Artigos

Artigos são estruturas da língua portuguesa que são usadas para definir ou indefinir determinado substantivo.

Os Artigos fazem parte das dez classes gramaticais que compõem uma das partes relacionadas à gramática denominada morfologia.

“Artigo é uma palavra que antepomos aos substantivos para dar aos seres um sentido determinado ou indeterminado. Indica, ao mesmo tempo, o gênero e o número dos substantivos.” (CEGALLA, 2008, p. 157)

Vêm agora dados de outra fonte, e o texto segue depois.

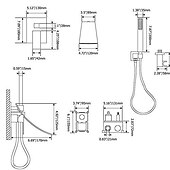 billiga Duschkranar-Duschkran / Duschsystem Uppsättning - Handdusch inkluderad Vattenfall Nutida Krom Monteras inomhus Keramisk Ventil Bath Shower Mixer Taps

Certa vez, passando por uma praça, encontrei um menino chorando. A praça estava deserta e o menino, sozinho, as mãos e os cabelos sujos de terra.
(Percebe-se que os artigos mudam significativamente o lugar de cada substantivo dentro de um dado discurso).

1. Tipos de artigo

1.1 Artigos definidos

São aqueles que possuem a função de determinar a existência de determinado objeto, tornando-o conhecido tanto pelo falante como pelo ouvinte. Eles trazem consigo, por conta da concordância, o gênero do próprio substantivo e ficam antepostos a ele.

São eles: A, AS, O, OS. Exemplos:

  • Viajei com o médico. (um médio referido, conhecido, determinado, tanto pelo ouvinte como pelo falante).
    Eu matei o animal.
  • A menina não para de crescer!
  • Espero que os nossos erros sejam perdoados.
  • As velhas de Itajaí adoram contar histórias sobre Jesus.

1.2 Artigos indefinidos

São aqueles que possuem a função de indeterminar a existência de determinado objeto, tornando-o desconhecido pelo falante e pelo ouvinte. Eles trazem consigo, por conta da concordância, o gênero do próprio substantivo e ficam antepostos a ele.

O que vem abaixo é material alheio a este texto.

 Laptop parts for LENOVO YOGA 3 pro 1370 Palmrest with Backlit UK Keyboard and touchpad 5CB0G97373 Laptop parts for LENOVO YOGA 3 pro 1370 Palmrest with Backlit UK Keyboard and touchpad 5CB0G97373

São eles: UM, UNS, UMA, UMAS. Exemplos:

  • Viajei com um médico. (um médico não referido, desconhecido, indeterminado, tanto pelo falante como pelo ouvinte).
  • Eu matei um animal.
  • Não havia uma só alma viva naquele lugar!
  • João, uma moça veio atrás de você mais cedo.
  • Dona Florzinha havia decorado o lugar com uns penduricalhos.
  • Não é todo dia que surge um craque de basquete.

2. Papel das preposições

Os artigos podem unir-se às preposições a, de, em e por, formando combinações e contrações antes de substantivos.

  • Masculinos: ao, aos, do, dos, no, nos, pelo, pelos, num, nuns.
  • Exemplos: ir ao colégio; precisar do carro; correr pelos campos; fazer a tarefa na mesa; etc.

  • Femininos: à, às, da, das, na, nas, pela, pelas, numa, numas.
  • Exemplos: ir à escola; sair da sala; lutar pela paz; entrar numa fria; viajar à Bahia; etc.

Os artigos são importantes para localizar a determinação dos objetos e de diferentes sujeitos dentro de um discurso, seja ele escrito ou falado. O uso apropriado dos artigos permite não apenas evitar problemas com o gênero e o número de determinados substantivos, mas principalmente explorar detalhes de significação bastante expressivos. Por exemplo, informações novas, em textos, são introduzidas por um artigo indefinido, mas depois são retomadas pelos definidos, já que essas informações passam a ser conhecidas por quem está lendo. Além disso, a sutileza de muitas modificações de significados transmitidas pelos artigos faz com que sejam frequentemente usados tanto por alunos, em textos comuns, como por escritores, em suas grandes obras.

Referências

CEGALLA, Domingos P. Novíssima gramática da língua portuguesa. 48o ed. São Paulo: Companhia Editora Nacional, 2008.

Priscila Nayade
Prof. Priscila Nayade

Graduada em Letras Português - Licenciatura (UnB)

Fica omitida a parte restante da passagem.